PROBLEM:
Pictures do not belong in the copy. Return all of the entries exactly.

DATA:
==============================

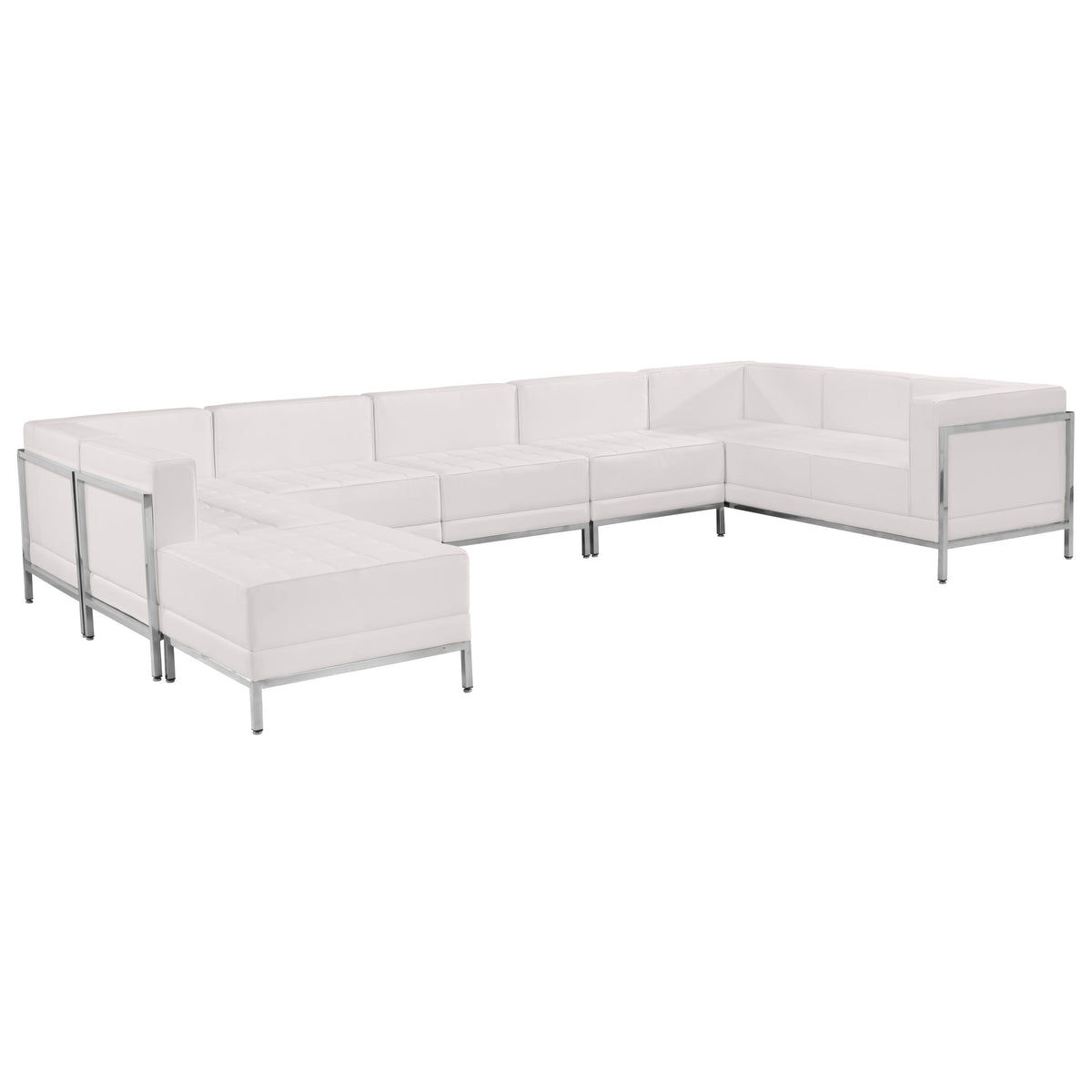 Flash Furniture ZB-IMAG-U-SECT-SET4-WH-GG White LeatherSoft Modular U-Shape Sectional Configuration, 7 Pieces (Melrose White) - Main view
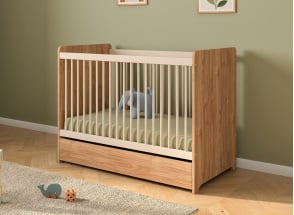 ANTON Convertible Baby Crib 60x120 - Wood/Sand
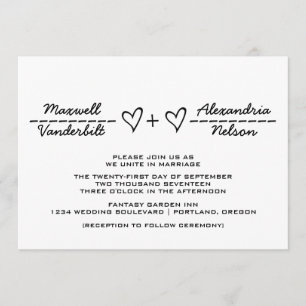 Ebony Heart Equation Wedding Invite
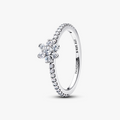 Flower sterling silver ring with clear cubic zirco 194499C01 (High Resolution)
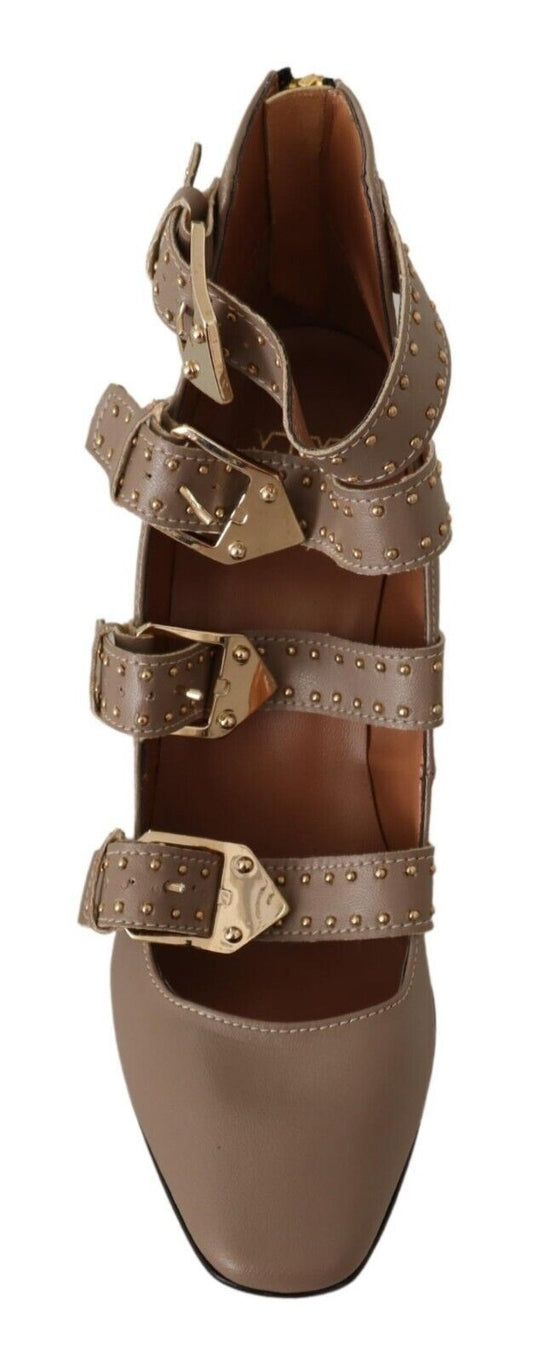 Brown leather women's shoe with straps and buckles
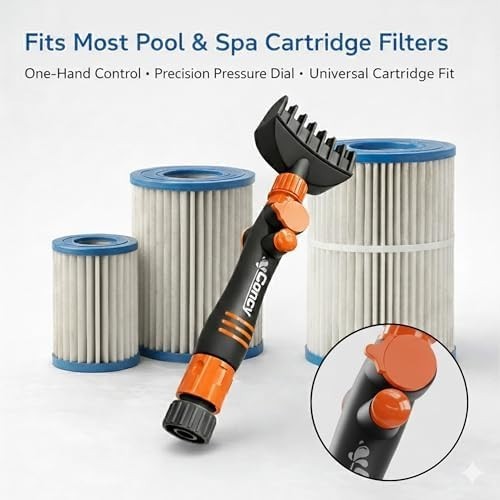 Pool Filter Cartridge Cleaner Wand Hose Attachment 7 Jet Spa Hot Tub Clean Brush
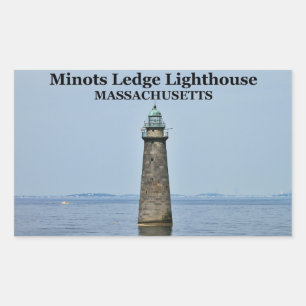 Minots avsatsfyr, Massachusetts klistermärkear Rektangulärt Klistermärke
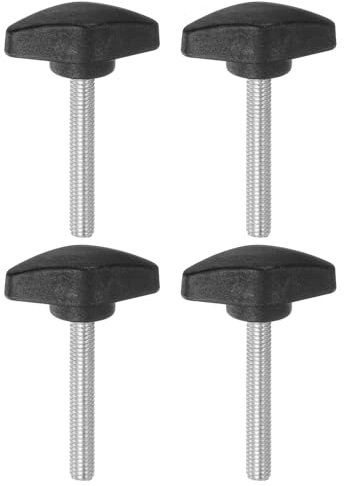 QUARKZMAN 4 Stück Rändelschrauben M6 x 45mm Flügelschraube mit T-förmige Handgriff, Verzinkte Kohlenstoffstahl Gewindebolzen Daumenschrauben 36mm Spannschraubenknopf für Schnellentfernung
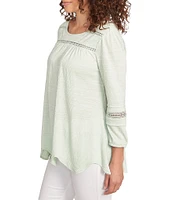 Ruby Rd. Petite Size Knit Scoop Neck 3/4 Bishop Sleeve Lace Trim Scallop Hem Top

==============================

EXERCISE OUTPUT:
 Flash Furniture ZB-IMAG-U-SECT-SET4-WH-GG White LeatherSoft Modular U-Shape Sectional Configuration, 7 Pieces (Melrose White) - Main view
 ANTON Convertible Baby Crib 60x120 - Wood/Sand
 Ebony Heart Equation Wedding Invite
 Flower sterling silver ring with clear cubic zirco 194499C01 (High Resolution)
 Brown leather women's shoe with straps and buckles
 Pool Filter Cartridge Cleaner Wand Hose Attachment 7 Jet Spa Hot Tub Clean Brush
 Minots avsatsfyr, Massachusetts klistermärkear Rektangulärt Klistermärke
 QUARKZMAN 4 Stück Rändelschrauben M6 x 45mm Flügelschraube mit T-förmige Handgriff, Verzinkte Kohlenstoffstahl Gewindebolzen Daumenschrauben 36mm Spannschraubenknopf für Schnellentfernung
 Ruby Rd. Petite Size Knit Scoop Neck 3/4 Bishop Sleeve Lace Trim Scallop Hem Top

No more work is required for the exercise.